- Try it
Down to the last line of the listing, starting at the one with "2011 Lexus HS", retype each line exactly. Do not copy the pictures.

[Materials provided Boundary: Start]

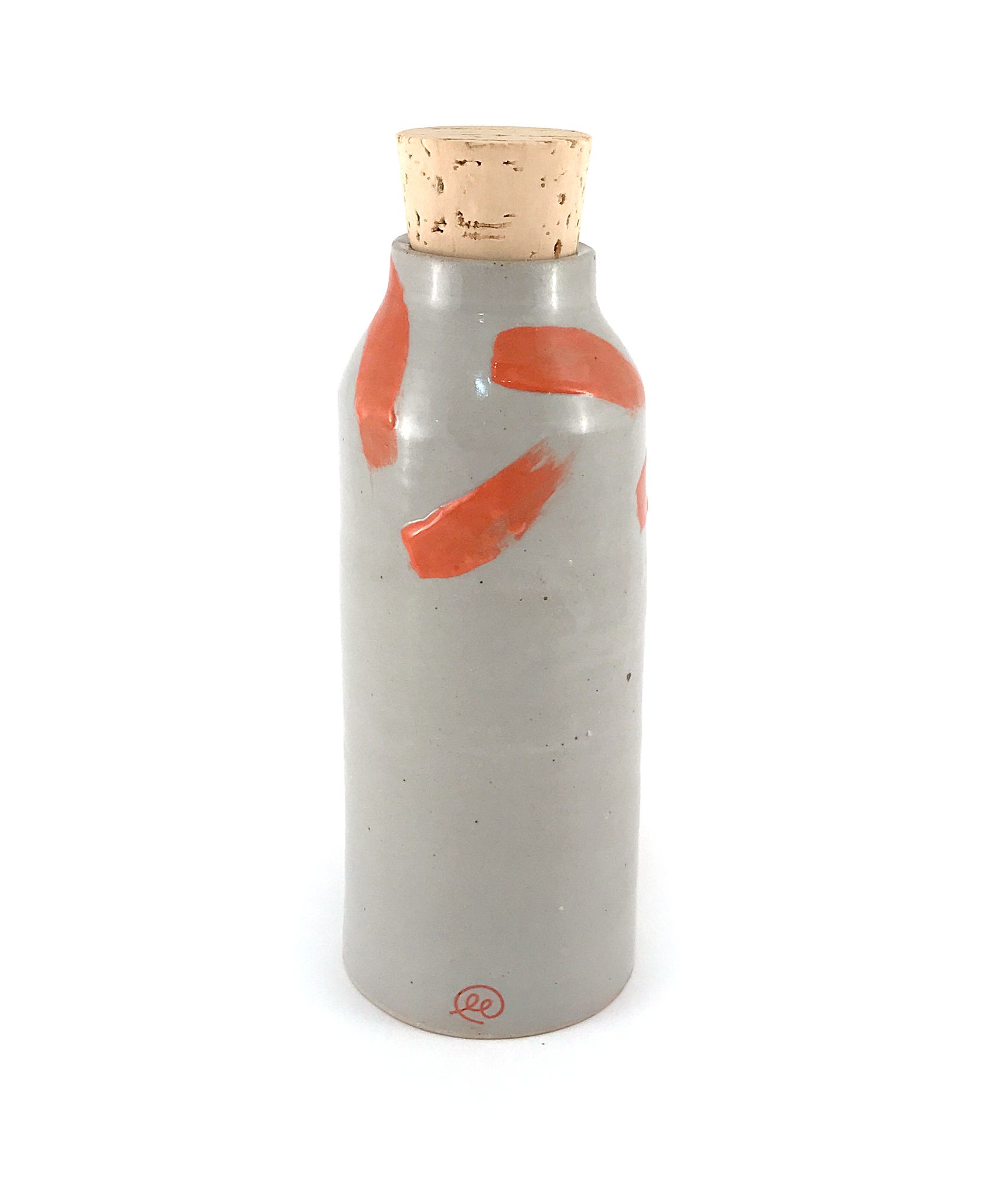 Line-Bottle-v-02.1.png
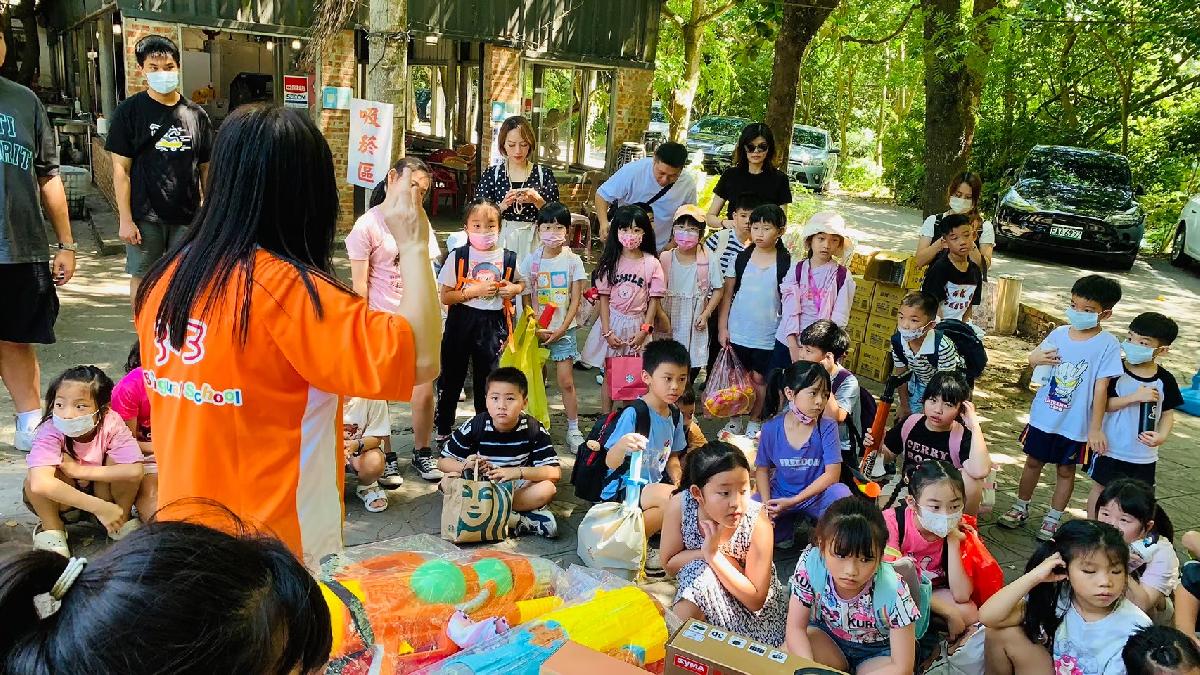 line_album__240819_97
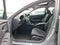 2026 Honda Accord Hybrid EX-L Sedan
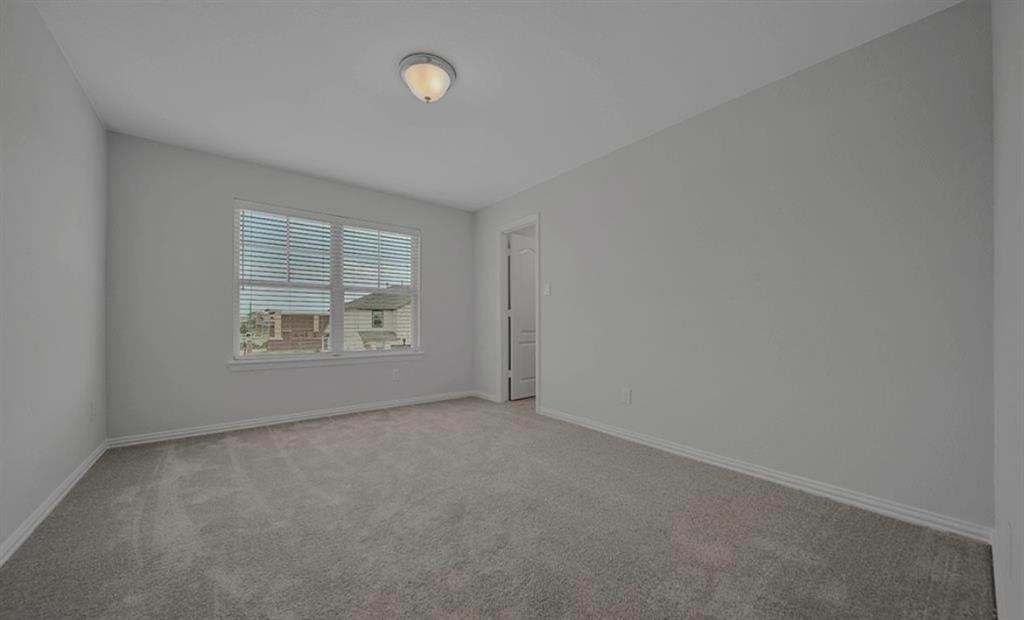 Photo 10 of 12 of 7146 Fannin Street townhome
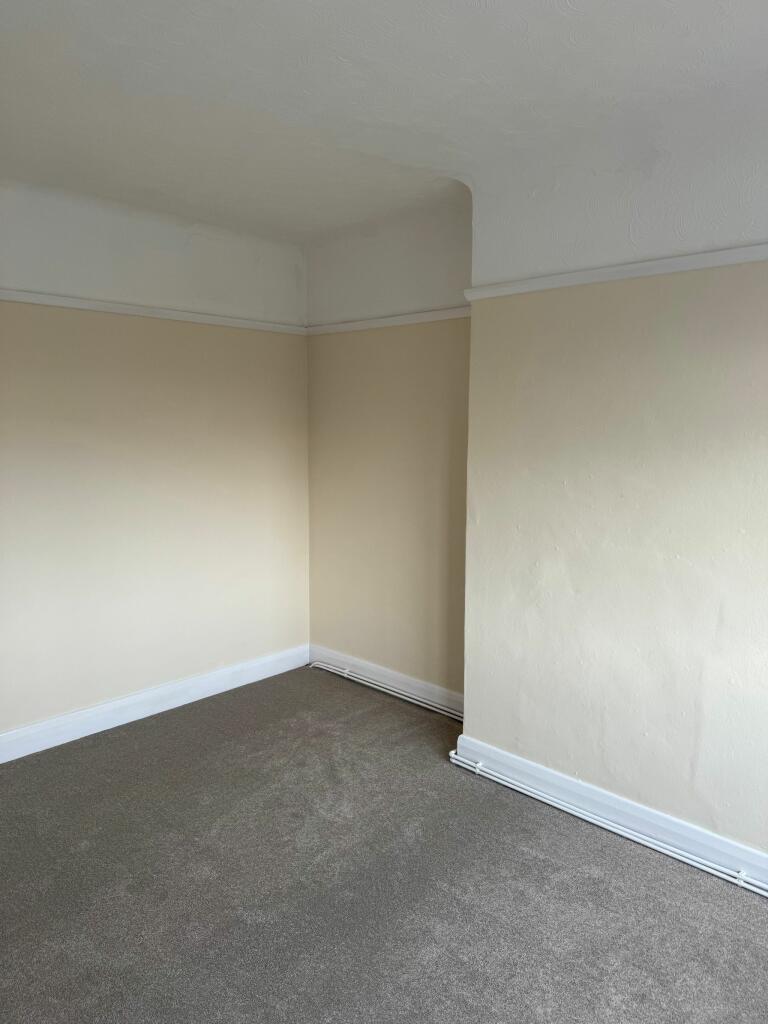 Masterbedroom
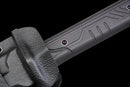Spada Tattica Nightshade Tactical Gladius — DLC Elite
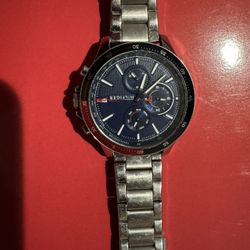 Tommy Hilfiger Watch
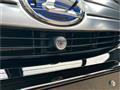 2011 Lexus HS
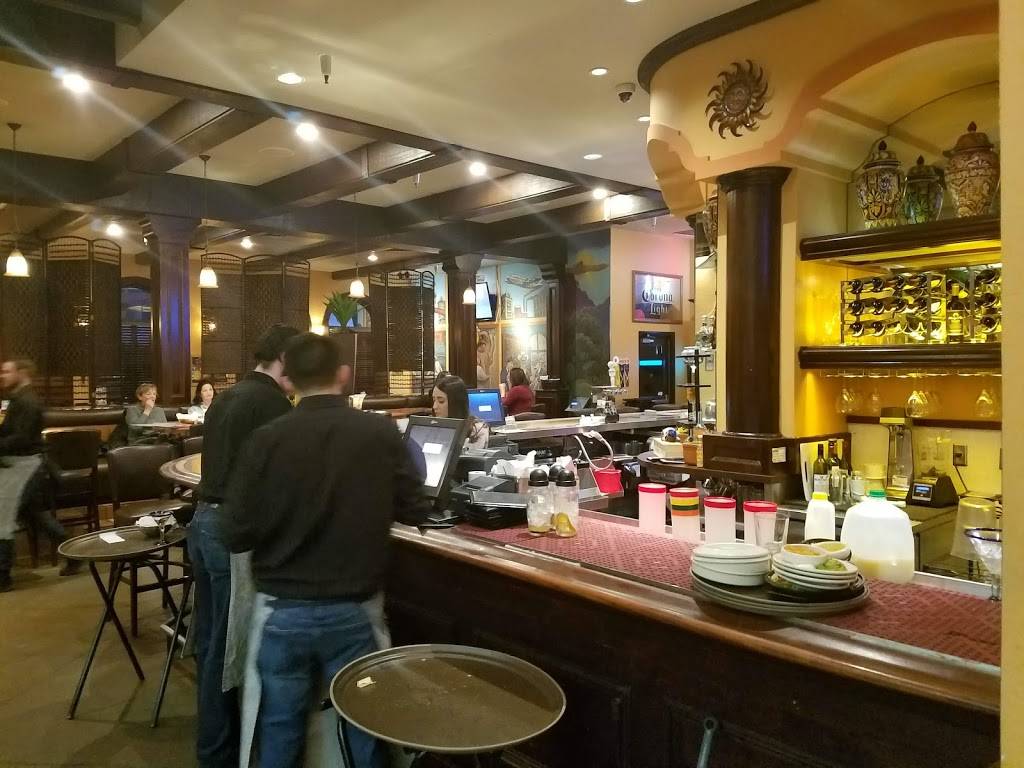 Abuelos Mexican Restaurant | restaurant | 10909 East 71st St S, Tulsa, OK 74133, USA | 9182491546 OR +1 918-249-1546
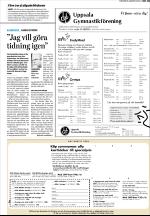 upsalanyatidning-20060818_000_00_00_025.pdf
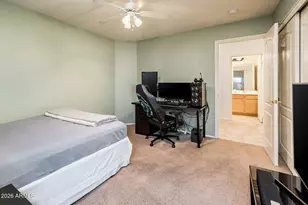27522 N 24th Ln, Phoenix, AZ 85085 - Photo 34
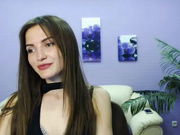 IrynnaHot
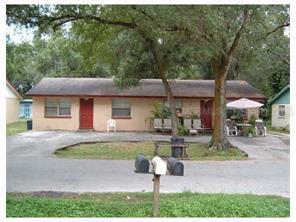 7604 E 25th Ave., Tampa, FL 33619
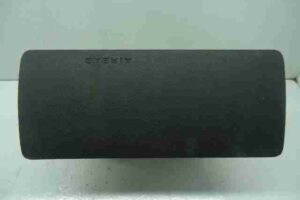 Изображение товара 39649 - 00039649 podushka bezopasnosti passazhira 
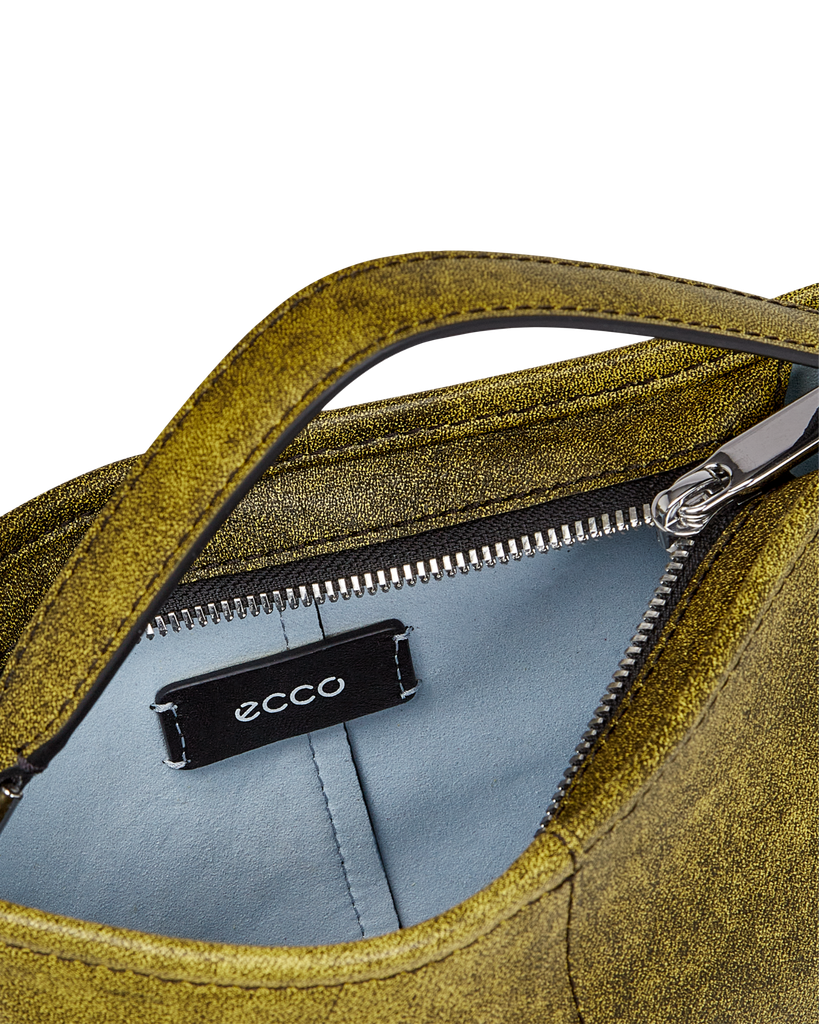 ECCO Takeaway Bag Crossbody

[Materials provided Boundary: End]

- Answer space
 2011 Lexus HS
 Abuelos Mexican Restaurant | restaurant | 10909 East 71st St S, Tulsa, OK 74133, USA | 9182491546 OR +1 918-249-1546
 upsalanyatidning-20060818_000_00_00_025.pdf
27522 N 24th Ln, Phoenix, AZ 85085 - Photo 34
 IrynnaHot
 7604 E 25th Ave., Tampa, FL 33619
 Изображение товара 39649 - 00039649 podushka bezopasnosti passazhira 
 ECCO Takeaway Bag Crossbody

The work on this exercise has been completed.